It‘s been exhausting and infuriating listening to newscasters lament America’s “loss of innocence.” When the hell was America ever innocent?

“Americans will no longer feel safe on their own soil,” they say. I so seldom feel “safe” in America that my own unease and sense of displacement in my homeland hums in the background on a constant purr. It‘s just part of the soundtrack. The night before the New York and D.C. attacks, I had a nightmare of being chased down and assaulted by cops. I woke up shaking and sweating, feeling like Dead Man No. 3 in a Freddy Krueger flick.

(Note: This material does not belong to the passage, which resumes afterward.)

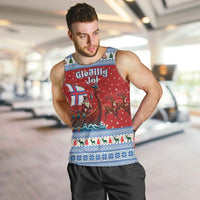 Faroe Islands Viking Santa Christmas Men Tank Top Funny Reindeer Norse Xmas - Wonder Print Shop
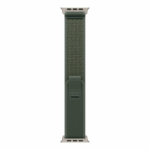 Apple Watch 49mm Green Trail Loop - S/M - Natural Titanium Finish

I can’t even find words to express my own deep sadness, not just at the events of the past week, but at the circumstances and situations that would contort and distort another human being so dramatically that he would come to be defined and consumed by the rage that resulted in thousands of ordinary Joes and Jills being so coldly, precisely attacked and slaughtered. I think the attacks were the very definition of evil. But I also know that the arrogance, racism and greed that are such dominant strands in this country‘s DNA are what fuel the animosity that so much of the rest of the world feels toward us. (And just for the record, the fundamentalist, misogynistic, homophobic and nationalistic alternatives offered up by so many of America’s self-proclaimed foes are just as repulsive and horrifying to me.)

I think we all need to step back and realize that bin Laden and his ilk didn‘t just fall out of the sky. They ain’t just playa-hatin‘. Most Americans have no idea what it costs so much of the world for us to be America. How could we? We don’t even know what it costs Americans for this country to exist as it does.

Just as I was trying to come to terms with all this, I was hit with another blow, Jerry Falwell‘s comments on how pagans, feminists, gays and lesbians brought on the terrorist attacks. How can we wag a furious, self-righteous finger at anyone else when this kind of hatred is being broadcast on national television by a religious leader? Does no one in the media have the balls to take on the madmen in our midst? Isn’t it clear that our leaders, political and religious, can be just as terrifying and insane as bin Laden? That this “monster” is just a mirror image, a duet with what we routinely have sung to us from talk radio, op-ed pages and religious programming?

This country‘s inability to see that we get back exactly what we have put out depresses me. No matter whom we bomb in retaliation, no matter how many cans of John Wayne Kick-Ass we open, the seeds of terrorism that sprouted all over New York will not be eradicated until we take a good, hard look at who we are, how we treat the rest of the world and how we treat our fellow Americans.